Source data

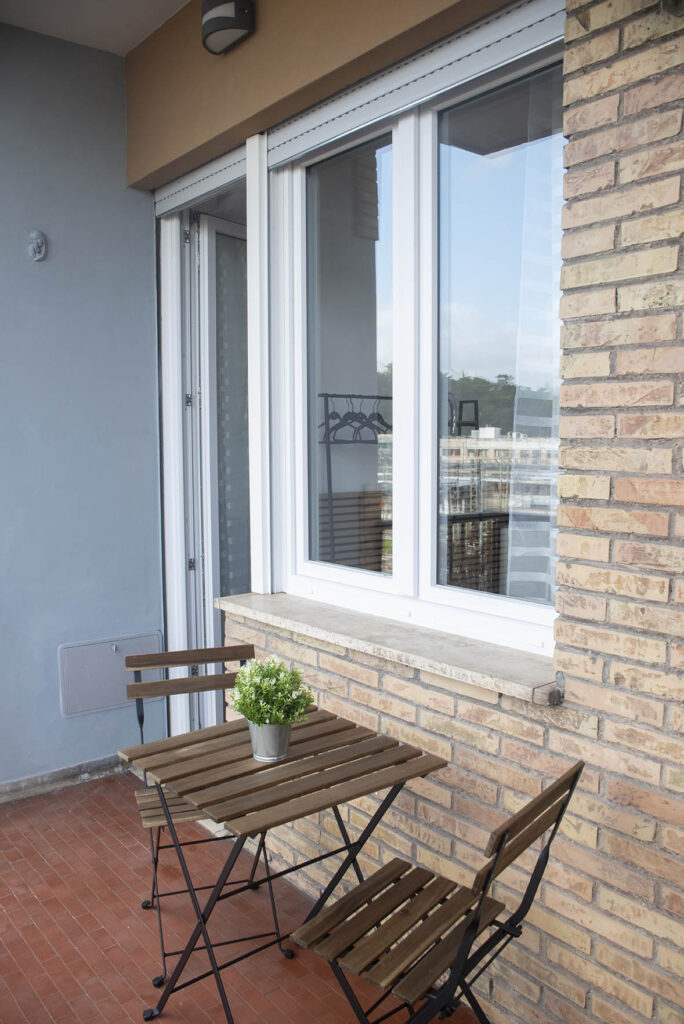 Alloggio turistico con balcone vicino università Roma 3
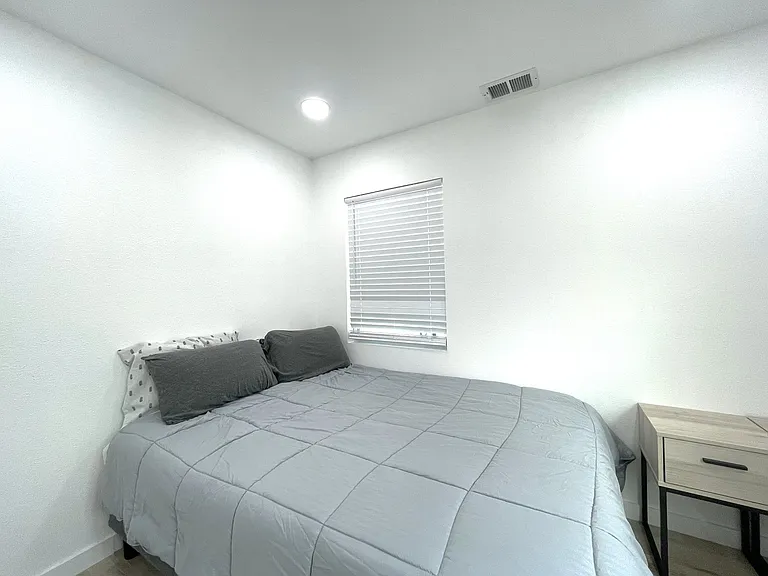 1821 30th Ave N #1 — Photo 9
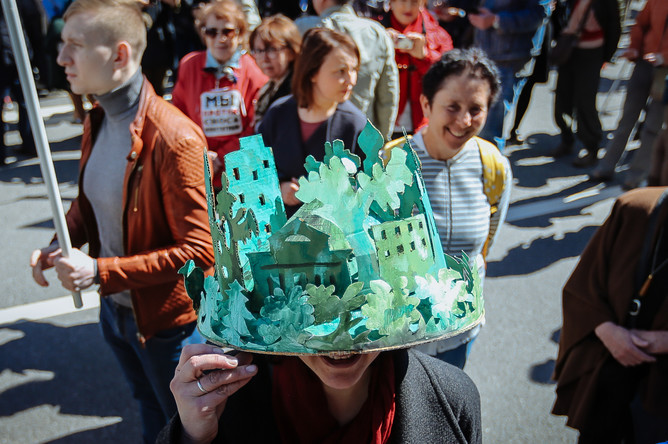 Участница митинга против реновации, 2017 год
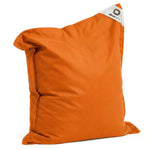 Finition et coutures pouf orange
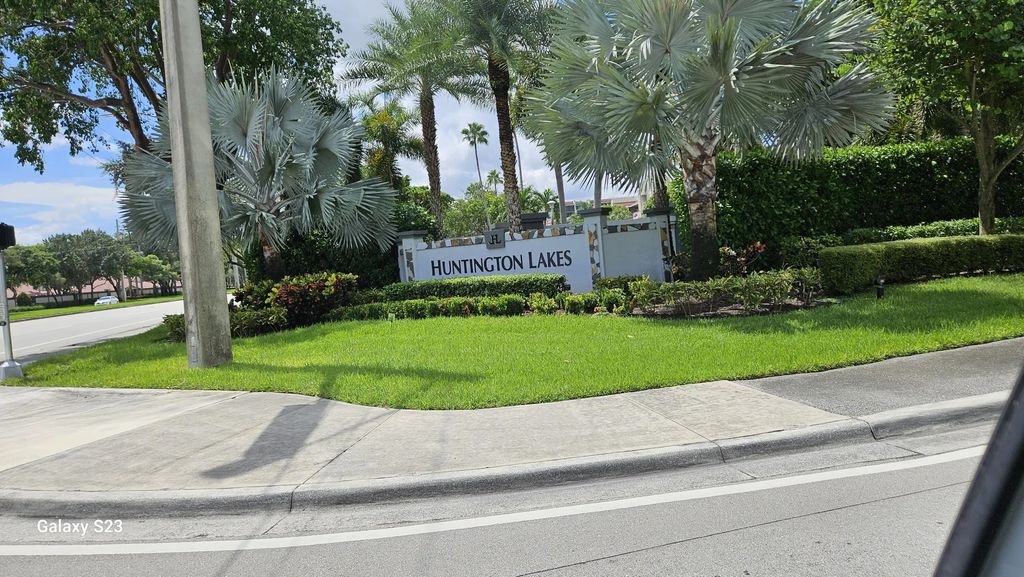7185 Huntington Lane, Delray Beach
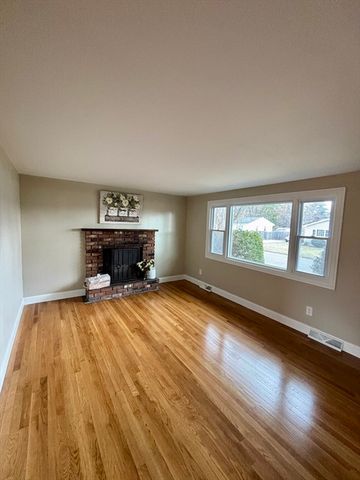 34 Flora St, Springfield, MA 01129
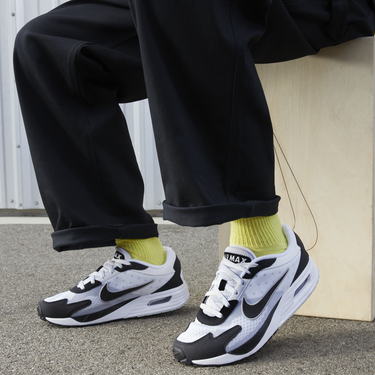 Кецове и обувки Nike Air Max Solo Бяло | DX3666-100, 2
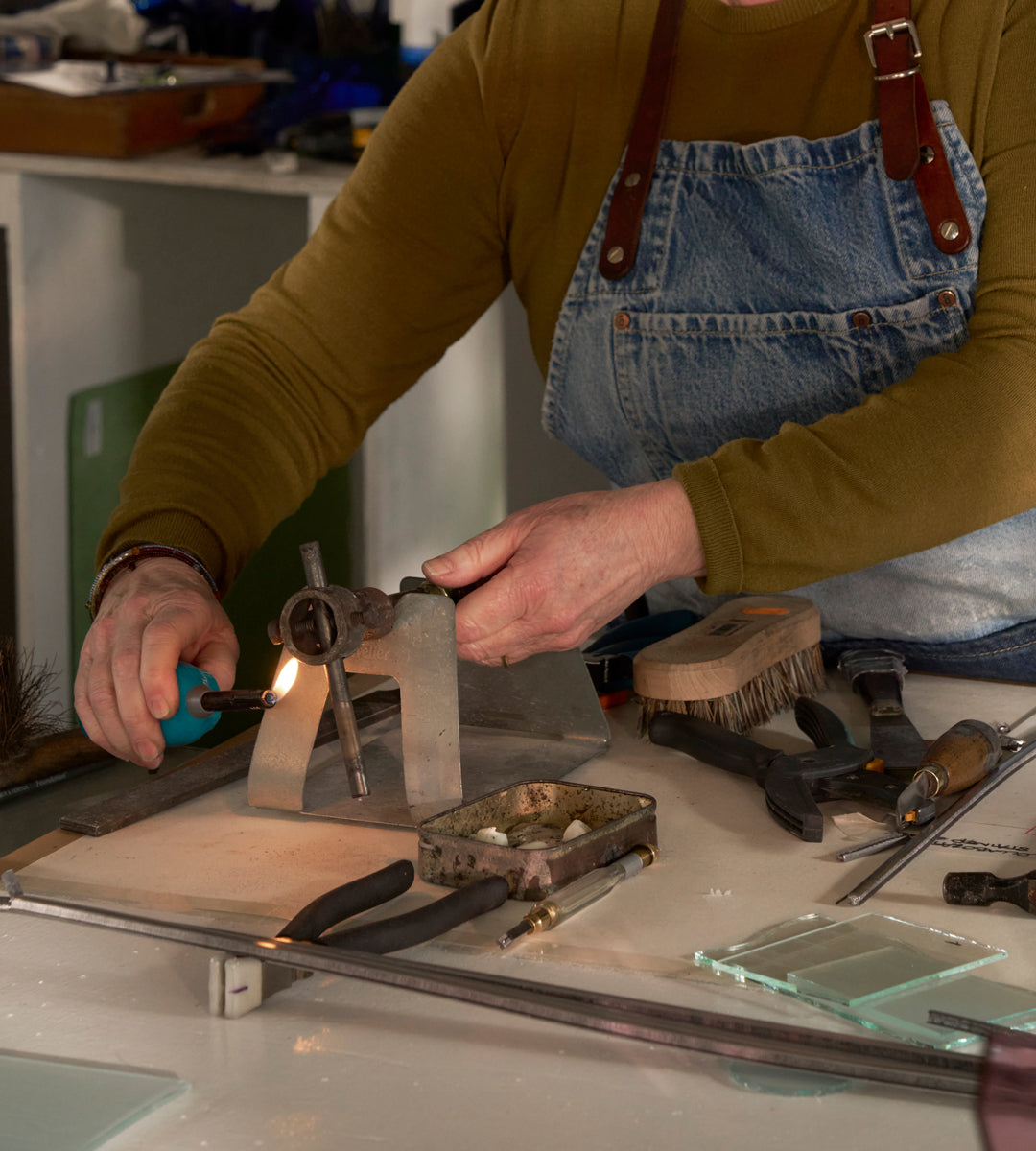 Deel één: Amanda Winfield, Abinger Stained Glass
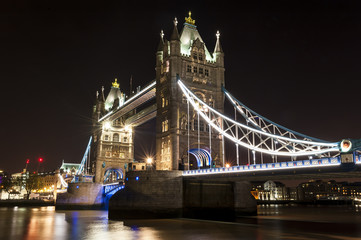 Fototapeta na wymiar Tower bridge by night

Required work
Pictures are not part of the answer, which must be the exact lines from the one holding "Кецове и обувки" through the end of the material, both ends included.

Answer section
 Кецове и обувки Nike Air Max Solo Бяло | DX3666-100, 2
 Deel één: Amanda Winfield, Abinger Stained Glass
 Fototapeta na wymiar Tower bridge by night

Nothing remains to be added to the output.